Report ID
2007-09
Report Authors
Dan Nurmi, John Brevik, and Rich Wolski
Report Date
Abstract

In high-performance computing (HPC) settings, in which multiprocessor machines are shared among users with potentially competing resource demands, processors are allocated to user workload using space sharing. Typically, users interact with a given machine by submitting their jobs to a centralized batch scheduler that implements a site-specific, and often partially hidden, policy designed to maximize machine utilization while providing tolerable turn-around times. To these users, the functioning of the batch scheduler and the policies it implements are both critical operating system components since they control how each job is serviced. In practice, while most HPC systems experience good utilization levels, the amount of time experienced by individual jobs waiting to begin execution has been shown to be highly variable and difficult to predict, leading to user confusion and/or frustration.

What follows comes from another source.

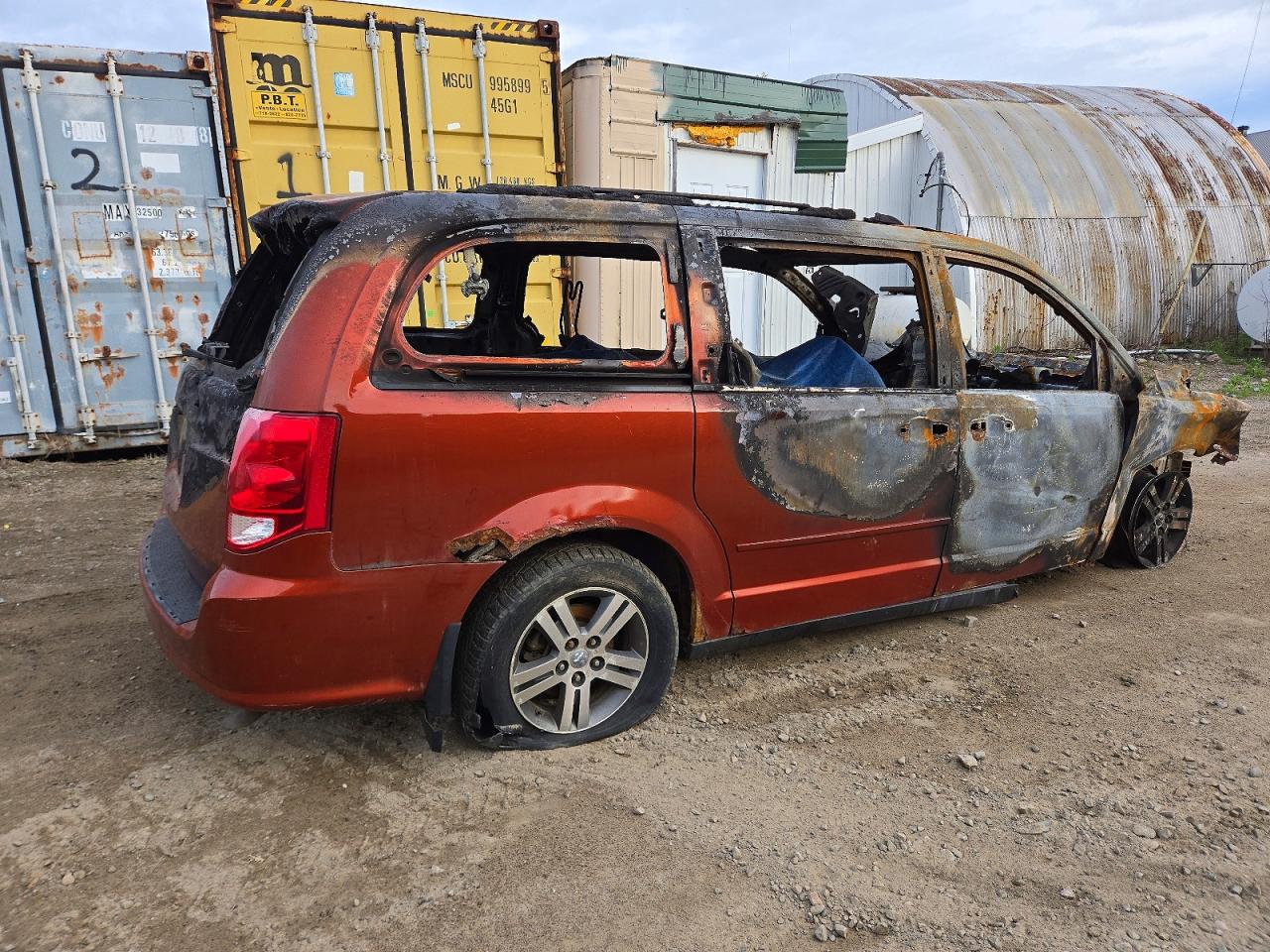 2012 DODGE GRAND CARAVAN SE photo 5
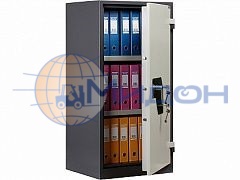 Сейф (шкаф бухгалтерский) BrandMauer BM-1260.KL графит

One method for dealing with this uncertainty that has been proposed is to allow users who are willing to plan ahead to make "advanced reservations" for processor resources. To date, however, few if any HPC centers provide an advanced reservation capability to their general user populations for fear (supported by previous research) that diminished machine utilization will occur if and when advanced reservations are introduced.

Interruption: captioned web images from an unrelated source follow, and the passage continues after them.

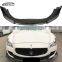 Капотный спойлер (передний губчатый бампер) из углеродного волокна Quattroporte для Maserati Quattroporte 2013 - 2016 годов
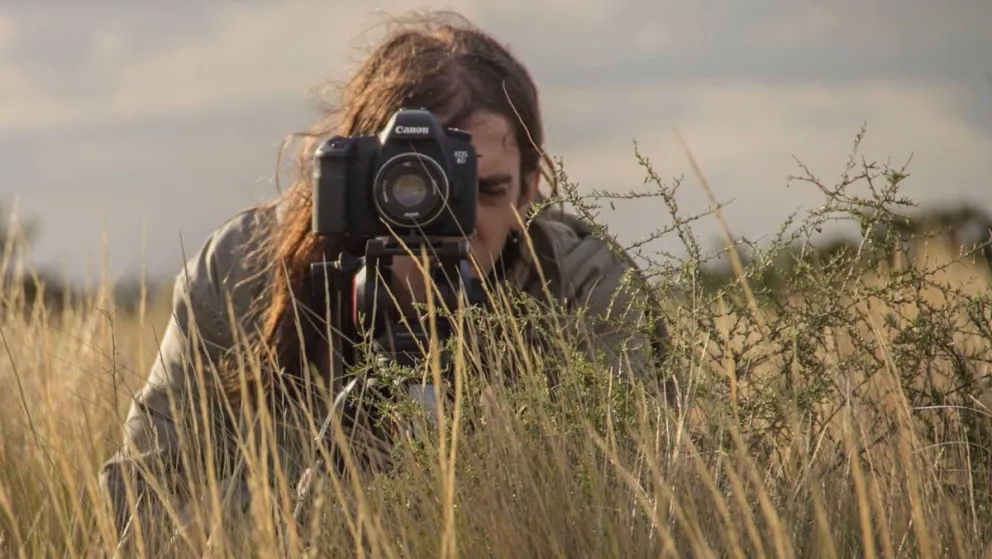 Un cineasta de Patagones fue destacado en el barrio porteño de La Boca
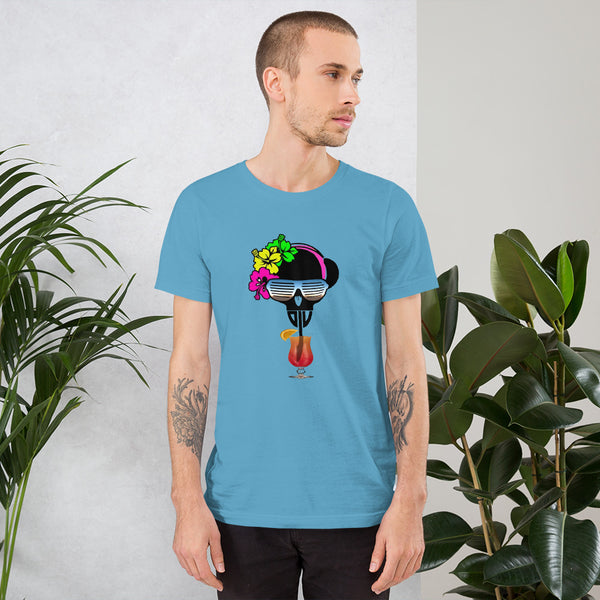 Short-Sleeve Unisex T-Shirt Tropical DJV
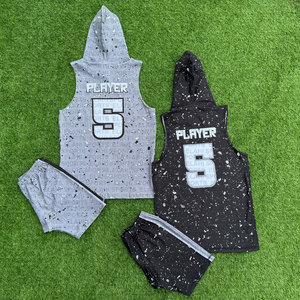 COLECCIÓN RAIDERS SPLATTER - Conjunto de Uniforme Personalizado Premium 7v7 - Jersey Sublimado, Camiseta, Sudadera con Capucha, Pantalones Cortos, Casco, Mochila - Product Image 6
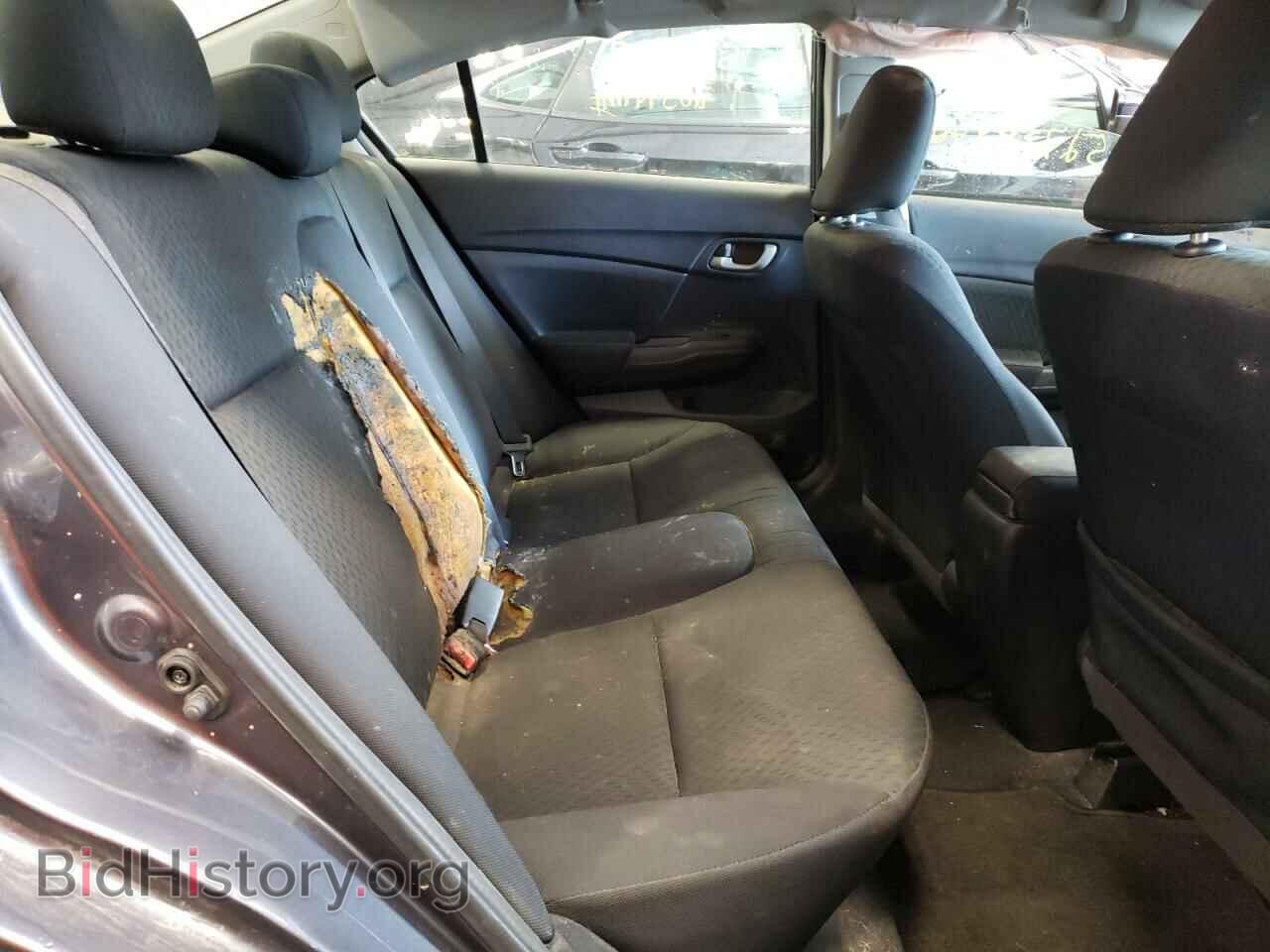 2015 HONDA CIVIC - VIN: 19XFB2F75FE018188 - Фото 6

In this work, we describe VARQ, a new method for job scheduling that provides users with probabilistic "virtual' advanced reservations using only existing best effort batch schedulers and policies. VARQ functions as an overlay, submitting jobs that are indistinguishable from the normal (i.e. non-reservation) workload serviced by a scheduler. We describe the statistical methods we use to implement VARQ, detail an empirical evaluation of its effectiveness in a number of HPC settings, and explore the potential future impact of VARQ should it become widely used. Without requiring HPC sites to support advanced reservations, we find that VARQ can implement a reservation capability probabilistically and that the effects of this probabilistic approach are unlikely to negatively affect resource utilization.